▶ _WHAT THIS TASK INVOLVES_
Give exactly the lines from the one with "Listening to bits" through the final line of the listing below, both included, leaving out any pictures.

▶ _GIVEN MATERIAL_
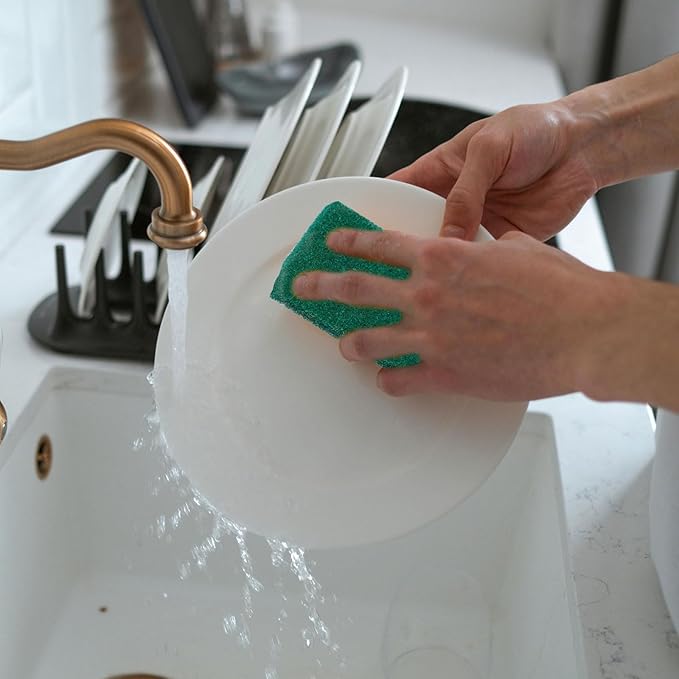 120 Pcs Heavy Duty Scouring Pads 4.3 x 3 x 0.3 in Non Scratch Household Scrub Pads Bulk Green Reusable Pan Scrubber Multipurpose Anti Grease Scrubbing Pads for Kitchen Dish Supplies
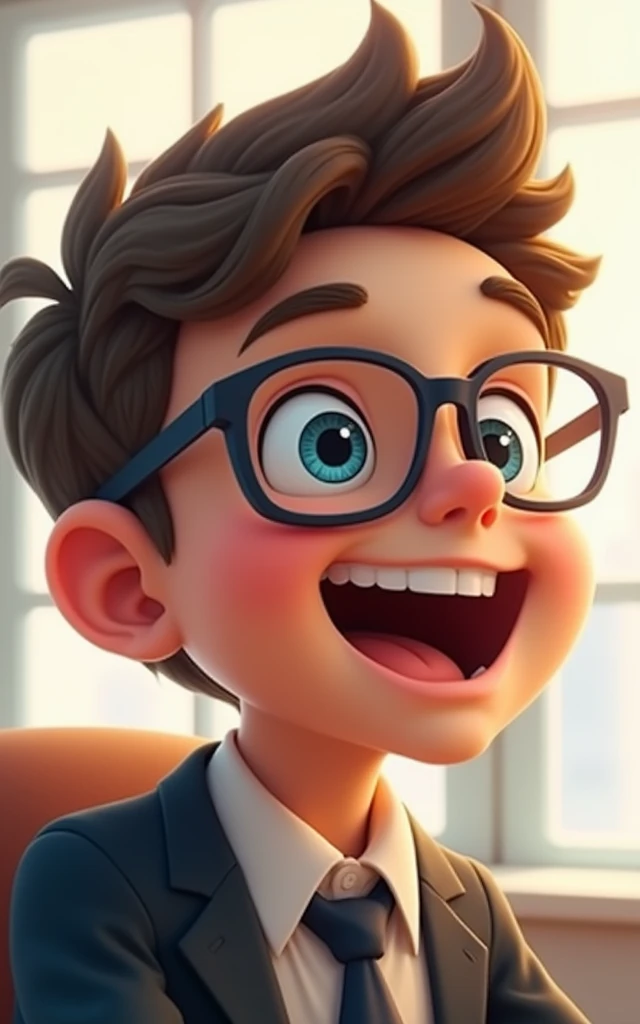 Happy Lawyer's Day boy with glasses
Listening to bits of music and giving reactions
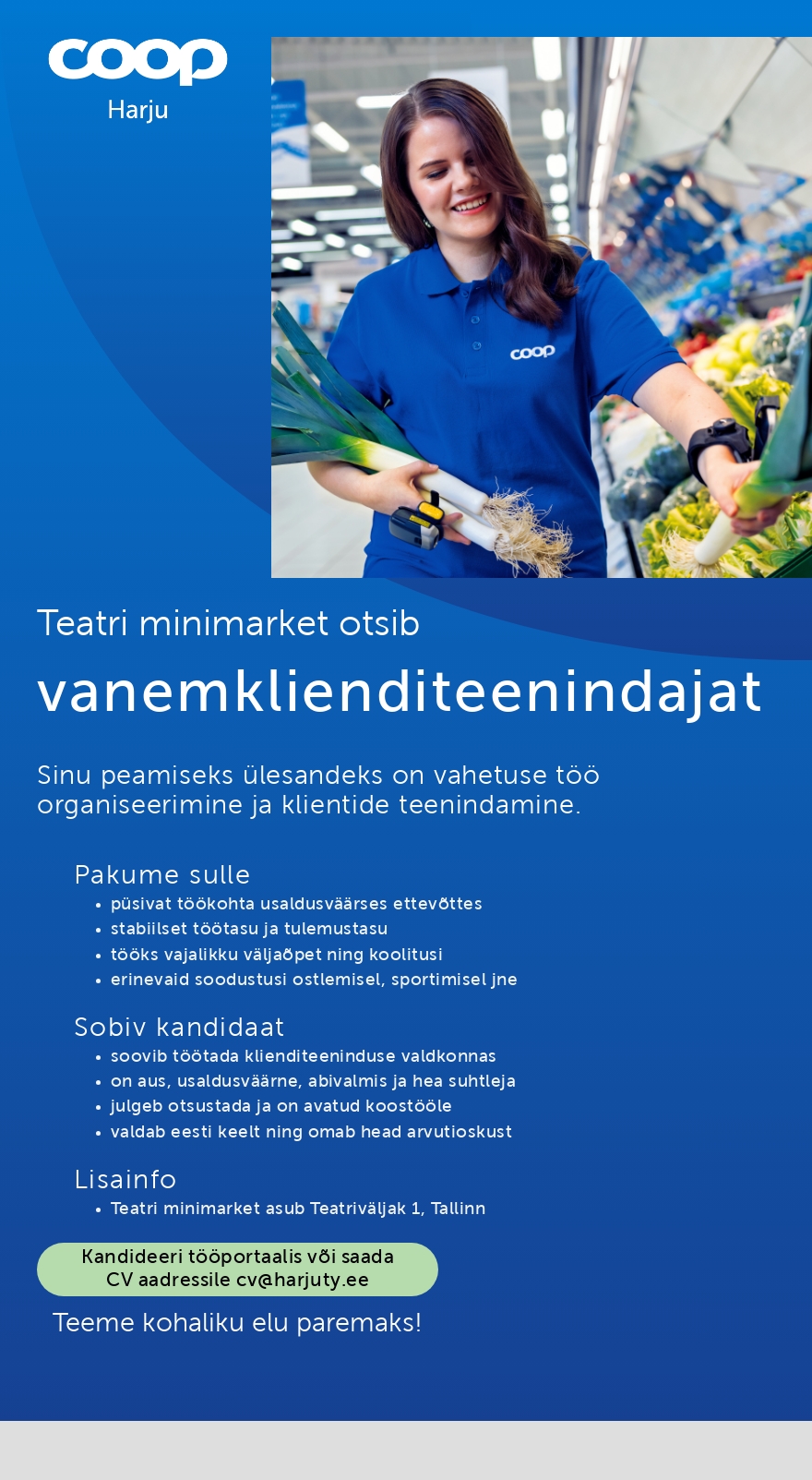 Harju Tarbijate Ühistu Teatri minimarketi vanemklienditeenindaja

▶ _RESULT OF THIS TASK_
Listening to bits of music and giving reactions
 Harju Tarbijate Ühistu Teatri minimarketi vanemklienditeenindaja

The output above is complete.